Artemisia a d’abord été formée, très jeune, par son père. Orazio Gentileschi était un ami du Caravage, adepte « d’un caravagisme lumineux », remarquable par les couleurs, par l’élégance du dessin. Artemisia signe son premier tableau, Suzanne et les vieillards à 17 ans avec l’aide de son père qui aurait réalisé une partie de l’œuvre. Le musée nous fait comparer deux versions de Judith et sa servante, celle d’Orazio et celle d’Artemisia. Le visiteur sera frappé, dans le tableau de la fille, par le réalisme, avec la tête d’Holopherne déposée dans un panier, le sens des détails avec la richesse des drapés, l’état de sidération des deux femmes au regard fuyant.

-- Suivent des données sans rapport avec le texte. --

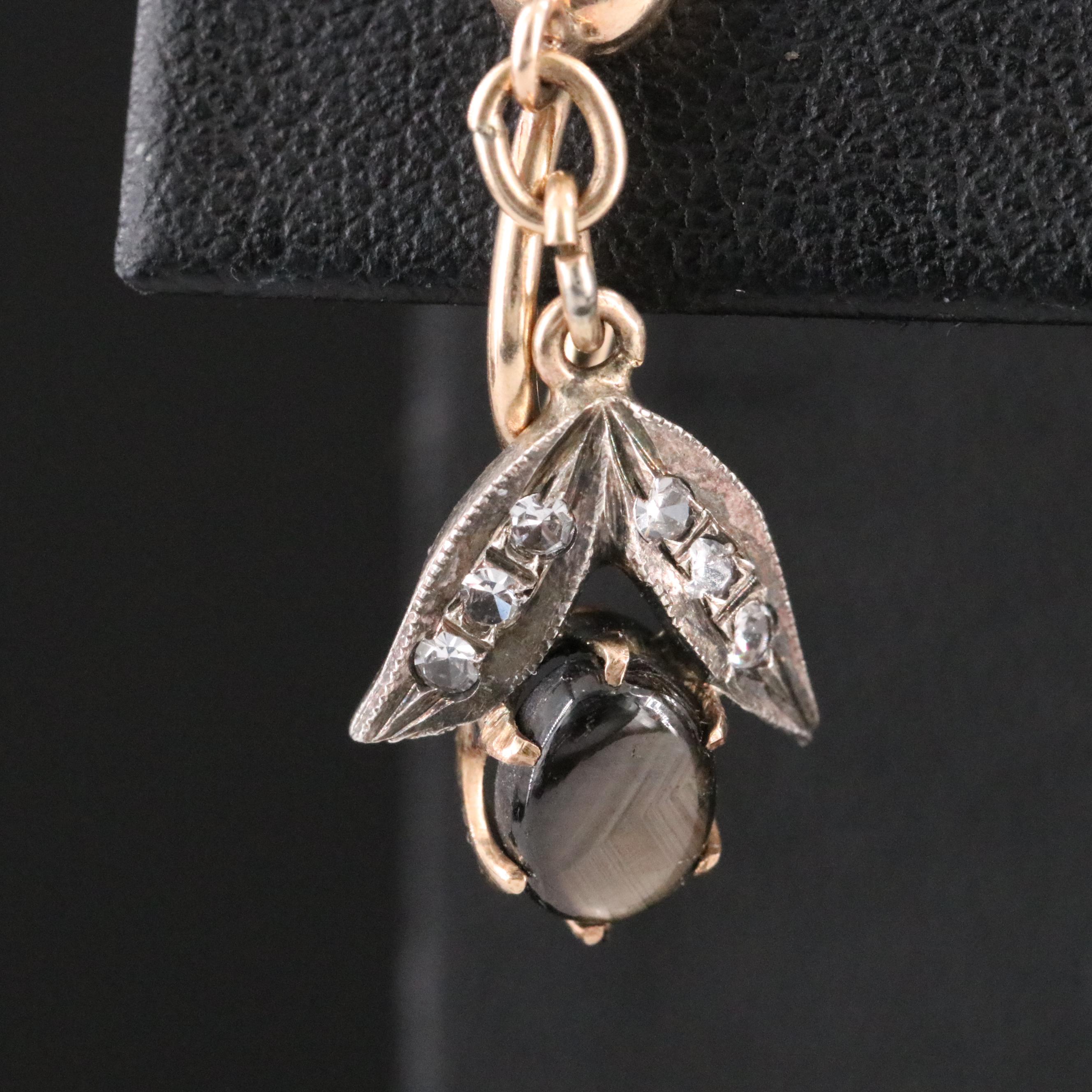 Vintage 14K Star Sapphire and White Spinel Floral Earrings with Sterling Accents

Nous pouvons le supposer, Artemisia a du croiser le Caravage pendant son enfance et voir ses œuvres dans les églises romaines. Du maître elle a repris le réalisme cru, la peinture violente, visuellement frappante, les clairs obscurs. Avec son jeu de lumière, ses couleurs sombres, l’intensité du regard, le petit tableau La tête de l’héroïne est bien un « clair obscur caravagesque ». Artemisia nous offre sa version du célèbre tableau du Caravage, Judith décapitant Holopherne, une peinture saisissante par son réalisme, par sa violence. Le visiteur ressent la détermination, la rage froide de Judith. Le sang coule, le regard horrifié d’Holopherne en témoigne, nous sommes sur une scène de crime. Cette toile a été créée peu après le viol, il s’agissait peut être d’une vengeance symbolique sur son agresseur.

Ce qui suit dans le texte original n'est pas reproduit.